Thank you so much. I really appreciate it.


----------



## Markedone (Jan 23, 2021)

Tom Bombadildo said:


> http://web.archive.org/web/20180903022552/http://gbatemp.net/downloads/[1057]ZeldaGBA_save_LTTP_4S_complete__by_nicko_aura_thug4life.zip <



Hey Tom

I have tried to use the save and it doesn't work, I am using mGBA, so i need any specific settings to get this to work. or a different emulator.

I know this is an old thread, but any help would be appreciated..


----------



## Lostbhoy (Jan 23, 2021)

I didn't even know this was a thing! I want to play the new dungeon!! 

Anyone know if it can it be injected for Wii U? Is the four swords strictly a multi player or can it be played through single?? I had the Gamecube four swords which was/had single player. I must know lol


----------



## Markedone (Jan 23, 2021)

the .SAV is detected by no$GBA but it wont run the ROM, whereas it works flawlessly on mGBA but it doesn't recognize the save.
I just want to play a Link to the past with the four swords part completed using mGBA as it works really well. I hope someone can help.

*Edit*
I'm using the EU ROM if this helps, do I need to do a byte flip for this, I read on these forums it can be done via Hex Workshop.

*Edit 2*

The byte Flip seemed to work it now loads into mGBA with no errors and the "Four Swords" part of the save has the minimum required to get the new features in the "Link to the past Part". ill play through and update again. 

if anyone wants the save just reply to this post and ill gladly send it along.

the original thread for the Byte Flip is here, so all credit to those guys: "https://gbatemp.net/threads/a-gba-save-converter.53867/" 

Thanks Guys


----------



## Lostbhoy (Jan 23, 2021)

Markedone said:


> the .SAV is detected by no$GBA but it wont run the ROM, whereas it works flawlessly on mGBA but it doesn't recognize the save.
> I just want to play a Link to the past with the four swords part completed using mGBA as it works really well.

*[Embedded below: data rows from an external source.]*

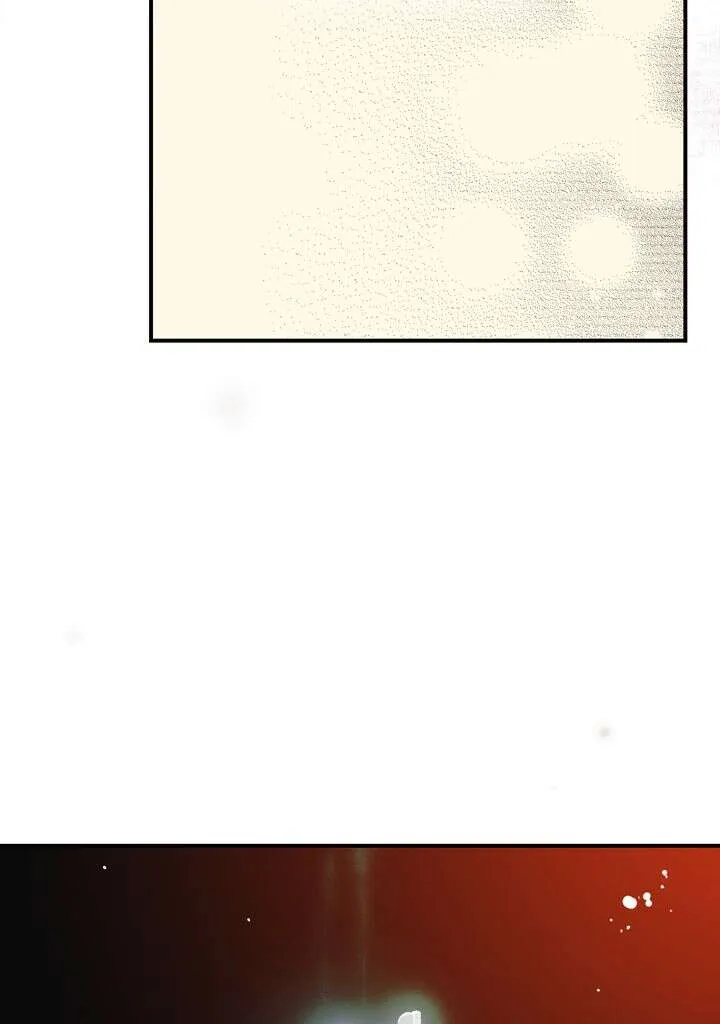 Read The Fantasie of a Stepmother FR Manga Online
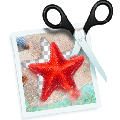 PhotoScissors单文件汉化和谐版 V8.2 免费版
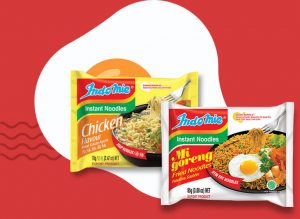 Detail Iklan Komersial Makanan Nomer 9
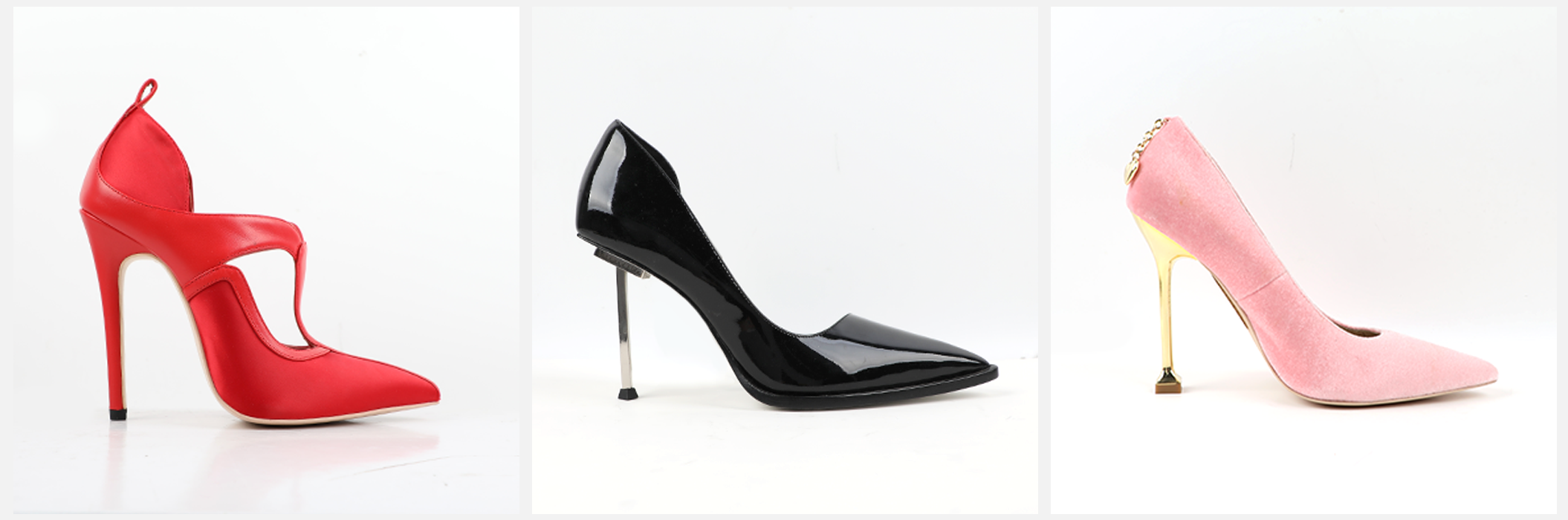 shoe-press 2 3 - shoe-press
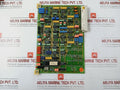 Siemens 4.0943.1006.2 Sbs Control Printed Circuit Board, 8670101012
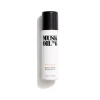GOSH Dezodorant w sprayu White Musk Oil No. 6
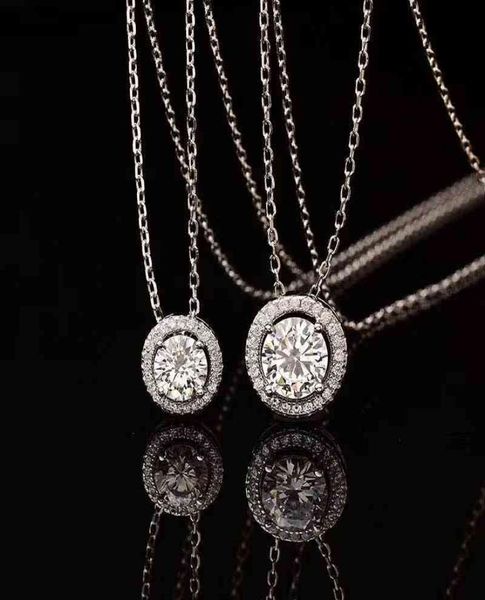 round moissanite pendant s925 sterling silver chain chokers necklace white d color 1ct 2ct women luxury fine jewelry2644651, Golden
round moissanite pendant s925 sterling silver chain chokers necklace white d color 1ct 2ct women luxury fine jewelry2644651, Golden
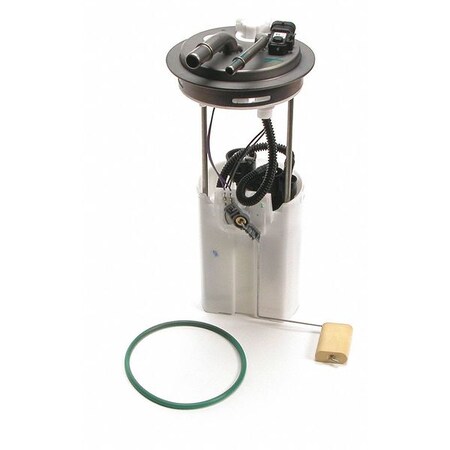 Delphi Fuel Module, FG0401 FG0401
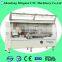Best Price.Notching Saw For Aluminum Profile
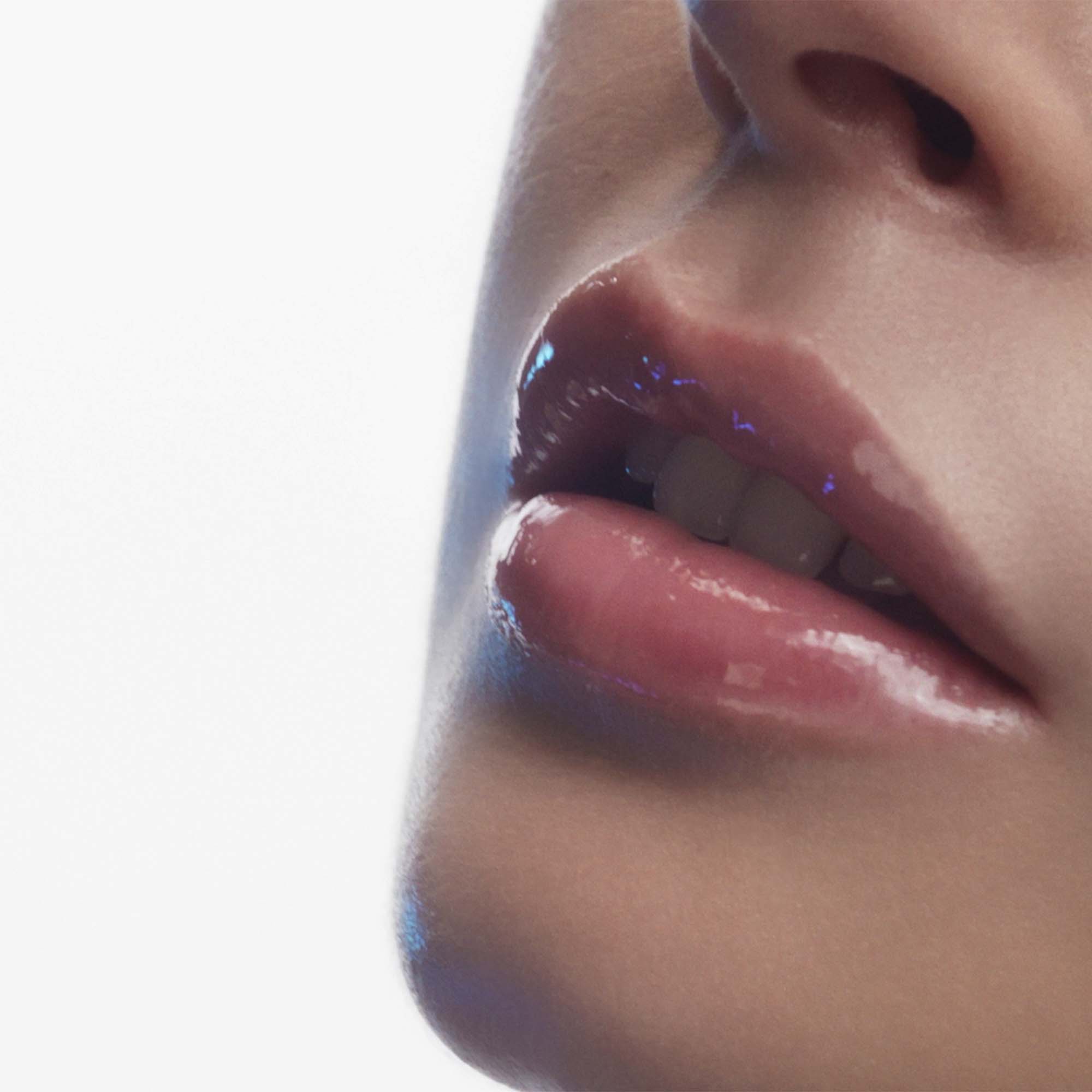 FILORGA HYALU-FILLER Lips, image 3 sur 4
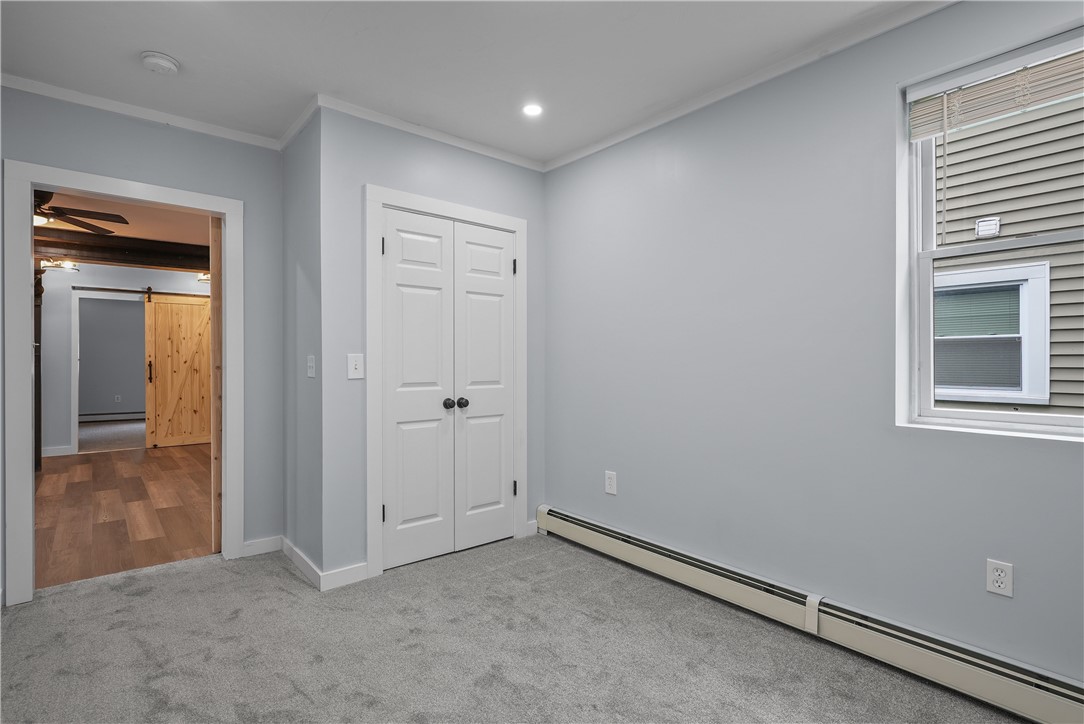 96 Washington Street Central Falls, RI 02863 - Photo 21 of 46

I hope someone can help.
> 
> *Edit*
> ...


I'd love to have a copy if you can mate.


----------



## Markedone (Jan 23, 2021)

Lostbhoy said:


> I'd love to have a copy if you can mate.



Here you go: 
it expires in 30 days, I put the EU ROM that im using in there too.

its right after the Sanctuary too with all items collected up to that point, I played it through a tiny amount to check that it was working.


----------



## Tom Bombadildo (Jan 23, 2021)

Markedone said:


> Here you go:
> it expires in 30 days, I put the EU ROM that im using in there too.
> 
> its right after the Sanctuary too with all items collected up to that point, I played it through a tiny amount to check that it was working.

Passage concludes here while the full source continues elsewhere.